You are viewing a plain text version of this content. The canonical link for it is here.

Posted to dev@lucene.apache.org by mark harwood <ma...@yahoo.co.uk> on 2006/02/07 19:28:24 UTC

Preventing "killer" queries

I've just been doing some benchmarking on a reasonably
large-scale system (38 million docs) and ran into an
issue where certain *very* common terms would
dramatically slow query responses. 
Some terms were abnormally common because I had
constructed the index by taking several copies and
merging them. Address data from this small sample area
had the county name reproduced massively.
Consequently a termQuery for the county name (with 50%
docFreq) in a scaled-up 38m doc index took 2 seconds
to return whereas most "normal" terms (<10% df) took a
matter of milliseconds.

Of course the solution for most situations is to use a
stop-word list at index time but that requires some
manual configuration and prior knowledge of the data
which isn't always ideal.

For these outlier situations is it worth adding a
"maxDf" property to TermQuery like BooleanQuery's
maxClause query-time control? I could fix my problem
in my own app-specific query construction code but I
wonder if others would find it a useful fix to add to
TermQuery in the Lucene core?


Cheers,
Mark






		
___________________________________________________________ 
To help you stay safe and secure online, we've developed the all new Yahoo! Security Centre. http://uk.security.yahoo.com

---------------------------------------------------------------------
To unsubscribe, e-mail: java-dev-unsubscribe@lucene.apache.org
For additional commands, e-mail: java-dev-help@lucene.apache.org

Re: Preventing "killer" queries

Posted by Chris Hostetter <ho...@fucit.org>.

Mark,

I know you've already commited a patch along these lines (LUCENE-494) and
I can see how in a lot of cases that would be a great solution, but i'm
still interested in the orriginal idea you proposed (a 'maxDf' in
TermQuery) because i anticipate situations in which you don't want to
ignore the common term as query time (because you want it to affect the
result set), you just don't want to bother spending a lot of time
calculating it's score contribution since it's so common -- perhaps even
if an optimization can get the time down, you don't want it included
because it's so common.

If i understand your description of the problem, in your profiling you've
confirmed that when a term is extremely common, the "tf" portion of the
calculation for each doc is expensive because of the underlying call to
TermDocs.read(int[],int[]) ... is that correct?
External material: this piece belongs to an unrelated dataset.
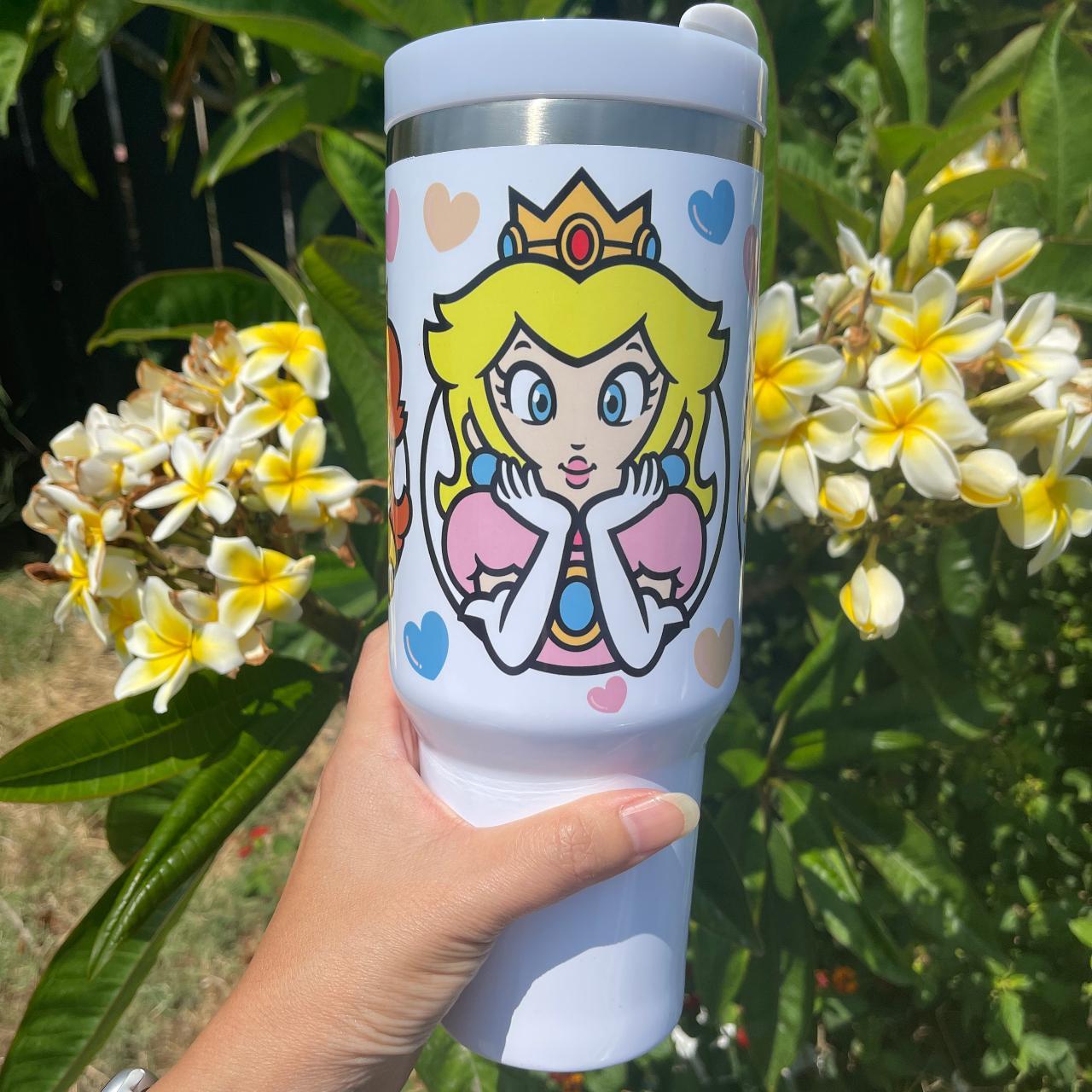 Peachy Daisy Tumbler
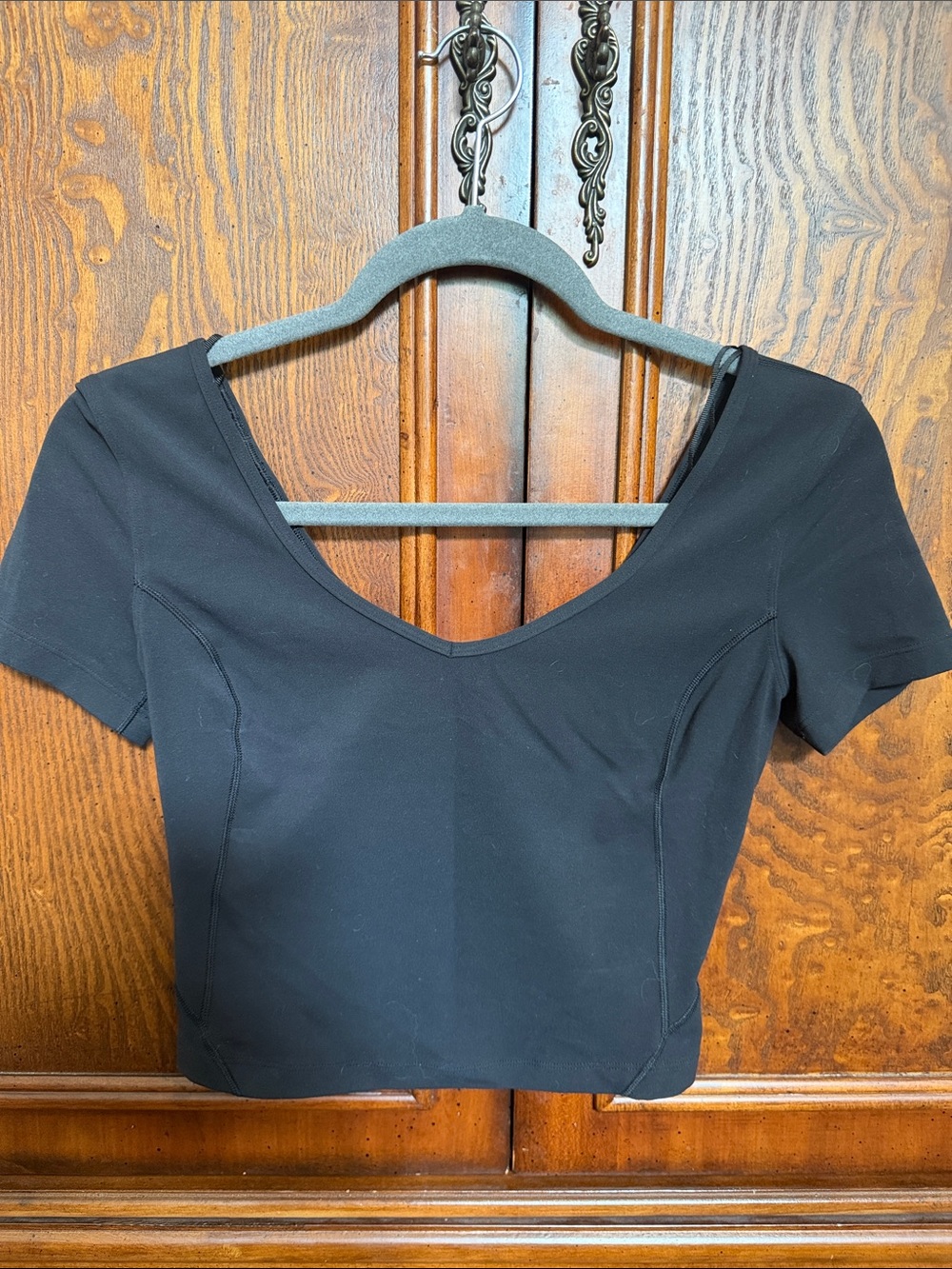 Lululemon Black Scoop-Neck Short Sleeve Women's Top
If that's the case, then it seems like a fairly straightforward and useful
patch would be to add the following (untested) to TermQuery...

    private static int maxDocFreq = Integer.MAX_INT;
    private static float macDocFreqRawScore = 0.0f;
    public static setMaxDocFreqScore(int df, float rawScore) {
        maxDocFreq = df;
        rawScore = macDocFreqRawScore;
    }
    public rewrite(IndexReader reader) {
       if (maxDocFreq < reader.docFreq(term)) {
          // should be ConstantScoreTermQuery but it doesn't exist
          Query q= new ConstantScoreRangeQuery(term.field(),term.text(),term.text(),true,true)
          q.setBoost(macDocFreqRawScore);
          return q.rewrite(reader);
       }
       return this;
    }


...the downside compared to your existing approach is that it's still
spending some time on the really common terms (build up the filter) so if
you truely wantto ignore them the analyzer is a better way to go -- but
the upside is that it would still allow those really common terms to
affect the result set.


   thoughts?



: Date: Tue, 07 Feb 2006 20:18:27 +0000
: From: markharw00d <ma...@yahoo.co.uk>
: Reply-To: java-dev@lucene.apache.org
: To: java-dev@lucene.apache.org
: Subject: Re: Preventing "killer" queries
:
: [Answering my own question]
:
: I think a reasonable solution is to have a generic analyzer for use at
: query-time that can wrap my application's choice of analyzer and
: automatically filter out what it sees as stop words. It would initialize
: itself from an IndexReader and create a StopFilter for those terms
: greater than a given document frequency.
:
: This approach seems reasonable because:
: a) The stop word filter is automatically adaptive and doesn't need
: manual tuning.
: b) I can live with the disk space overhead of the few "killer" terms
: which will make it into the index.
: c) "Silent" failure (ie removal of terms from query) is probably
: generally preferable to the throw-an-exception approach taken by
: BooleanQuery if clause limits are exceeded.
:
:
:
:
:
:
:
:
: ___________________________________________________________
: To help you stay safe and secure online, we've developed the all new Yahoo! Security Centre. http://uk.security.yahoo.com
:
: ---------------------------------------------------------------------
: To unsubscribe, e-mail: java-dev-unsubscribe@lucene.apache.org
: For additional commands, e-mail: java-dev-help@lucene.apache.org
:



-Hoss


---------------------------------------------------------------------
To unsubscribe, e-mail: java-dev-unsubscribe@lucene.apache.org
For additional commands, e-mail: java-dev-help@lucene.apache.org

Re: Preventing "killer" queries

Posted by markharw00d <ma...@yahoo.co.uk>.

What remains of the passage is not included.